** Opening EXCERPTED RECORDS block **
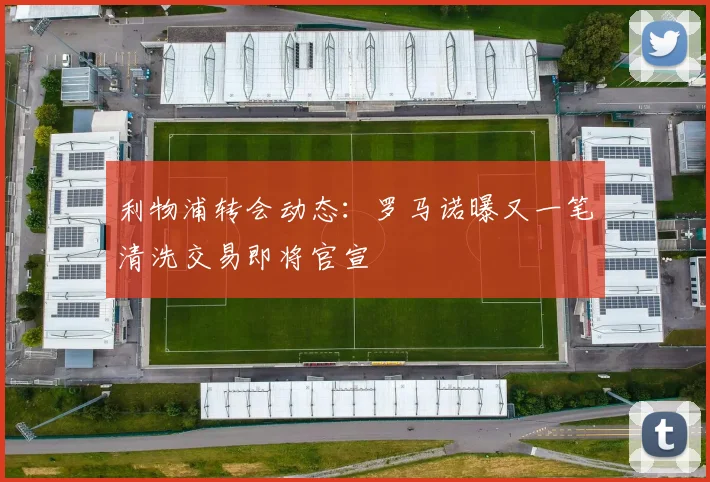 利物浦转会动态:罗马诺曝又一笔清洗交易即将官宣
** Closing EXCERPTED RECORDS block **
** Opening EXCERPTED RECORDS block **
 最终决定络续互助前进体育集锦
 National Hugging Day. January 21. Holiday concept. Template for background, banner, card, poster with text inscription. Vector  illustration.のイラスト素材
** Closing EXCERPTED RECORDS block **
- [TASK DETAILS]
Here the output must be the lines above from the line with "最终决定络续互助前进体育集锦" to the line with "National Hugging Day.", both included, duplicated word for word and nothing else.

- [OUTPUT BELOW]
 最终决定络续互助前进体育集锦
 National Hugging Day. January 21. Holiday concept. Template for background, banner, card, poster with text inscription. Vector  illustration.のイラスト素材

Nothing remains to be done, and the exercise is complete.